- _Exercise_:
Word for word, reproduce each line of the data below, omitting every image.

- _Task data_:
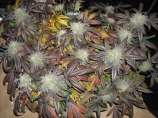 Riot Seeds Nevil's Blackberry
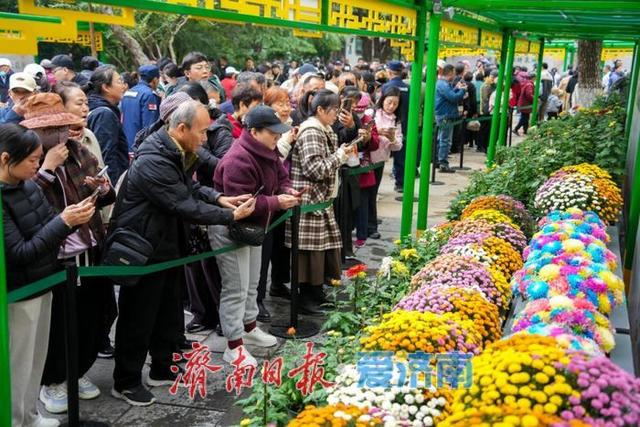 秋日胜景入画来！第46届趵突泉金秋菊展盛装启幕，泉城赏菊盛宴震撼登场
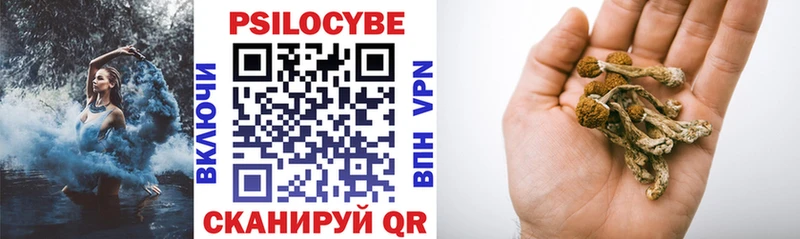 Галлюциногенные грибы GOLDEN TEACHER  Володарск 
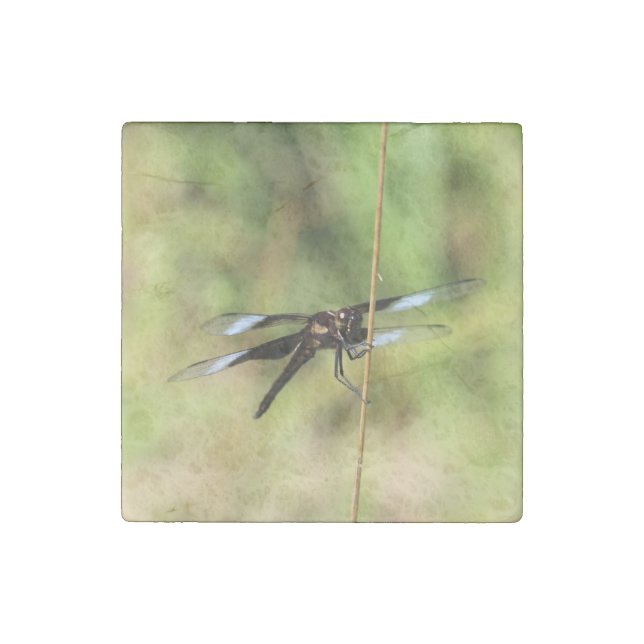 Dragonfly Stone Magnet (Front)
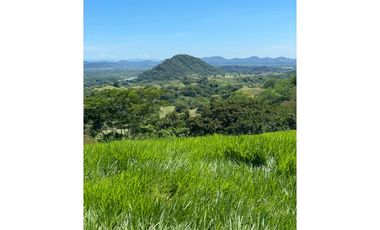 VENDO FINCA GANADERA POR PUERTO SALGAR 402 CUADRAS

- _Exercise answer_:
 Riot Seeds Nevil's Blackberry
 秋日胜景入画来！第46届趵突泉金秋菊展盛装启幕，泉城赏菊盛宴震撼登场
 Галлюциногенные грибы GOLDEN TEACHER  Володарск 
 Dragonfly Stone Magnet (Front)
 VENDO FINCA GANADERA POR PUERTO SALGAR 402 CUADRAS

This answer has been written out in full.